Piperlime
- Company type: Subsidiary
- Industry: Retail
- Founded: 2006
- Defunct: 2015
- Headquarters: San Francisco, California
- Products: Shoes
- Parent: Gap Inc.
- Website: www.piperlime.com

= Piperlime =

Former online retail company

Piperlime was an online retail company based in San Francisco, California. Founded in 2006 as a spin-off by Gap Inc., Piperlime offered a selection of footwear and handbags for women, men and children. Beginning in fall 2009, the company sold women's clothing and, later, men's clothing, with the men's business retiring in August 2014.

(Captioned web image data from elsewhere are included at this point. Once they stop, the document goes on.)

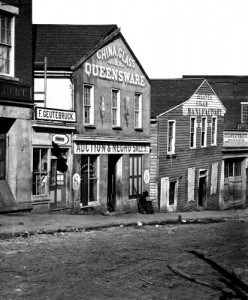 In Atlanta, Georgia, a captured store that sold glass, china, and slaves. Click on image to see front sign.  (Library of Congress)
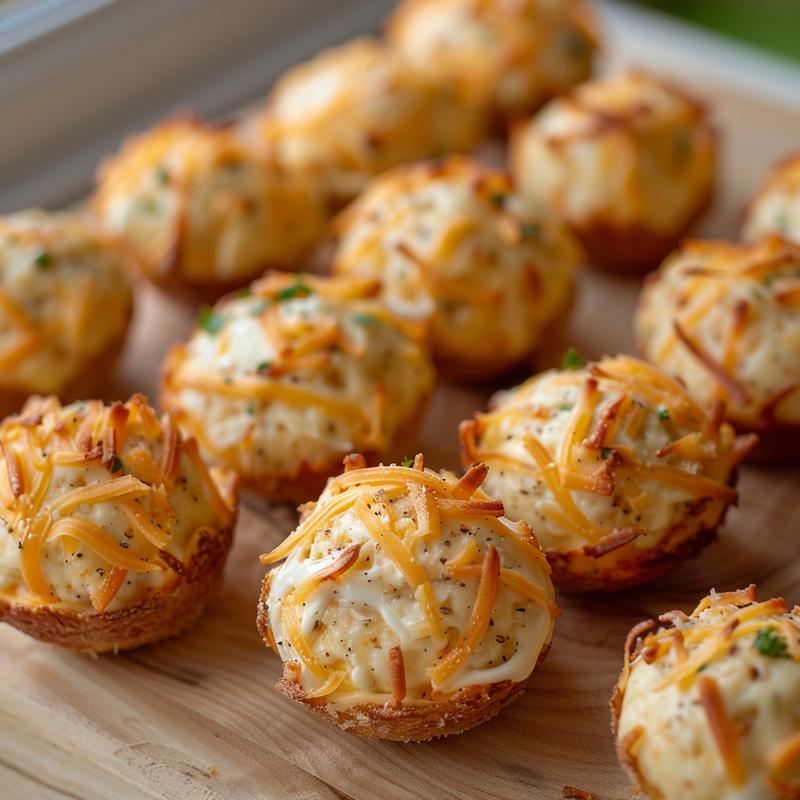 Close-up of small cheeseball bites on a light wood board.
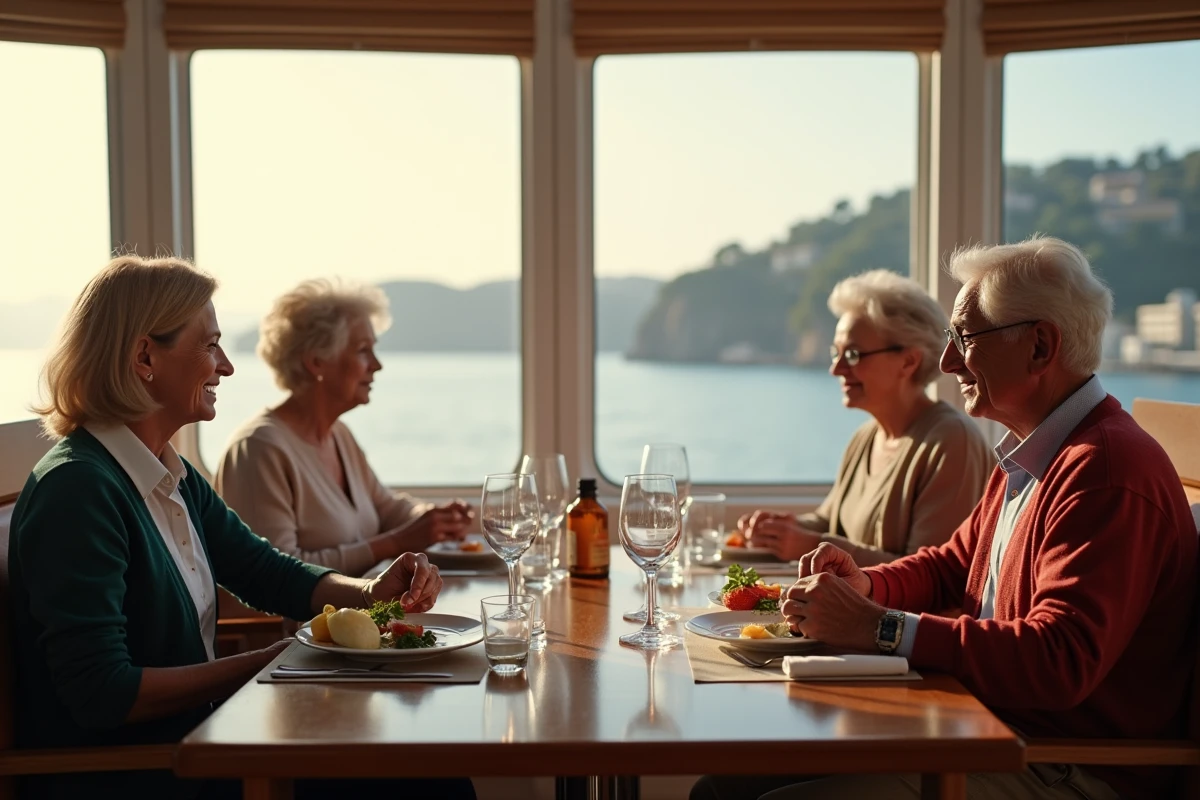Trois seniors en conversation dans un salon de croisiere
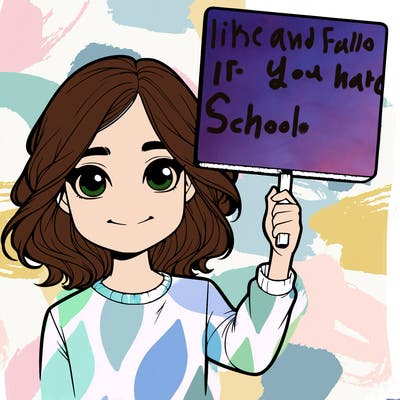 realistic girl holding up a sign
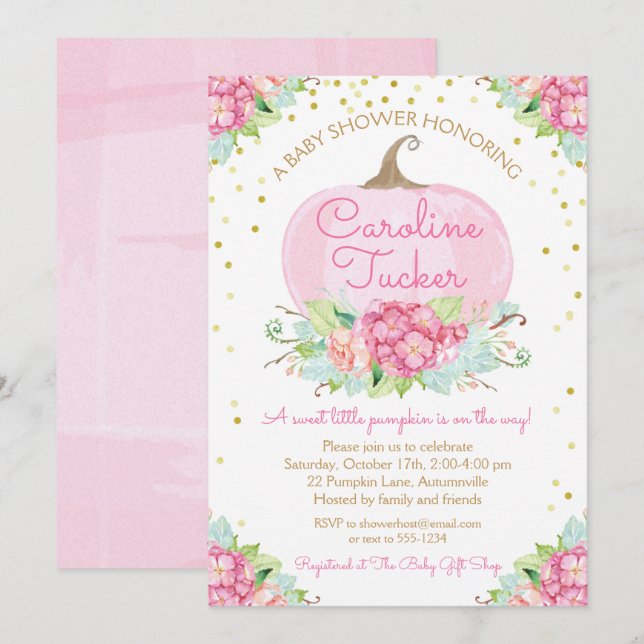 Invitation Petite Baby shower Citrouille Aquarelle rose Or (Devant / Derrière)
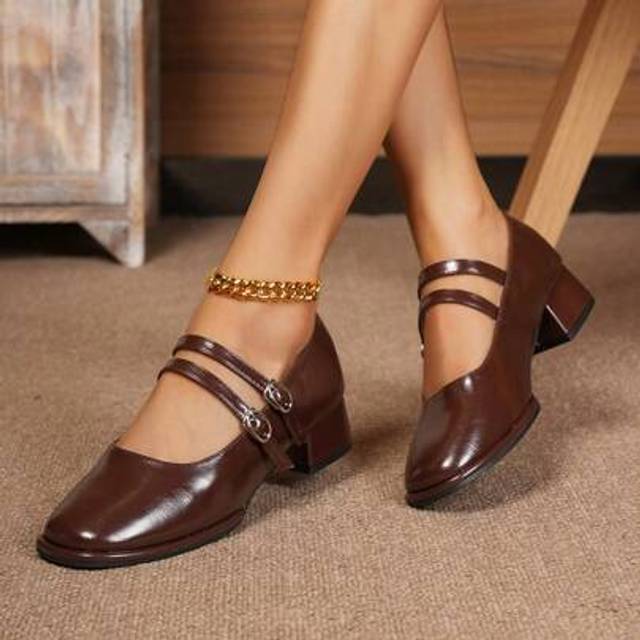 SHEIN Fashionable Women&#39;s Simple Versatile Double Buckle Thick Heel Mary Jane Shoes, Red High Heels, Violet Solid Color Ladies Flats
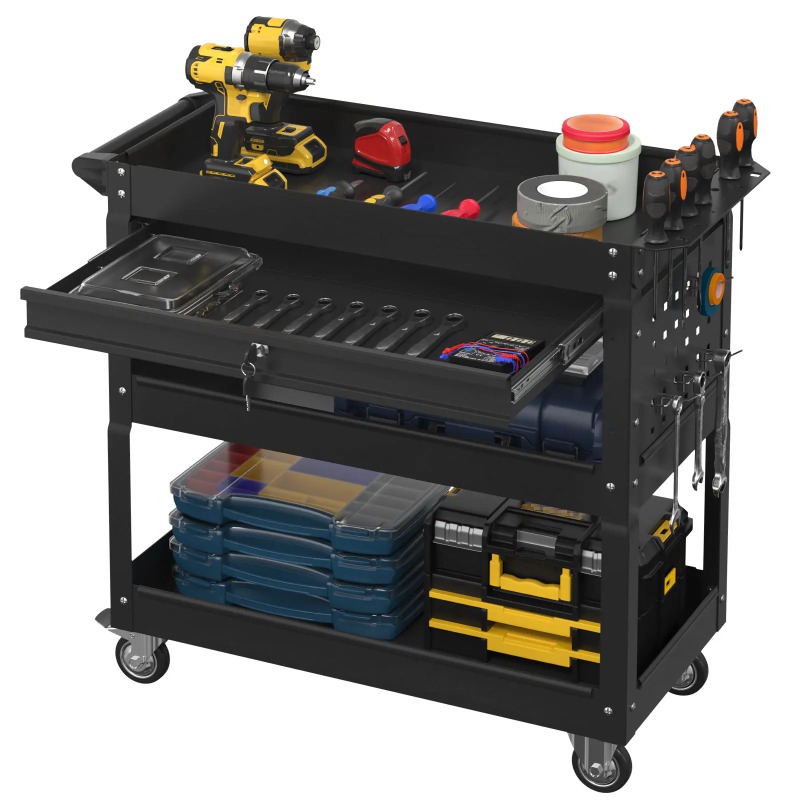 Workshop Garage Tools Manufacturer - 3-stöckiger Rollwerkzeugwagen, robuster Mehrzweckwagen mit Schublade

On January 23, 2015, Gap Inc. announced its decision to close Piperlime by the end of April 2015, in order to focus resources on its core brands. Piperlime was Gap's smallest brand, with annual revenue below $100 million, which was less than one percent of Gap's total revenue.

==History==
Initially launched with more than 100 well-known brands, Piperlime stocked over 250 footwear brands, including women's salon and designer brands like Alberto Fermani, Hollywould, Giuseppe Zanotti, Belle by Sigerson Morrison, Frye, Donald J Pliner, Kenneth Cole, Nine West, Crocs, Converse and Steve Madden.

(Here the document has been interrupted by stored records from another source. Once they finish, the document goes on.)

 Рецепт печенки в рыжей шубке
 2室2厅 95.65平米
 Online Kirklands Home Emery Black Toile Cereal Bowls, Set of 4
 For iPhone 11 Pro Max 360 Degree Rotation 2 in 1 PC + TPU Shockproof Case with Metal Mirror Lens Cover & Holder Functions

Since launching its handbag division in spring 2008, Piperlime stocked over 30 handbag brands including Marc by Marc Jacobs, Chloe, Botkier, Kooba, Foley + Corinna, Beirn, Orla Kiely and Linea Pelle.

Piperlime had ongoing partnerships with celebrity stylists, who recommended their favorite seasonal products online as "Fashion Editors". Stylists included Rachel Zoe, Rachel Bilson and Olivia Palermo.

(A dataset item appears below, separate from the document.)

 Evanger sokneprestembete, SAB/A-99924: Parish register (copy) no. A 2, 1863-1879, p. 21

The company partnered with the creators of the reality show Project Runway for seasons eight and nine. In addition to sponsoring the fashion show's "accessories wall," the retailer provided one of the major prizes for the winner of the show's eighth season (the opportunity for the winner to design a collection to be sold exclusively by Piperlime).

The first Piperlime retail store opened in SoHo, New York City, on September 6, 2012, and closed April 2015.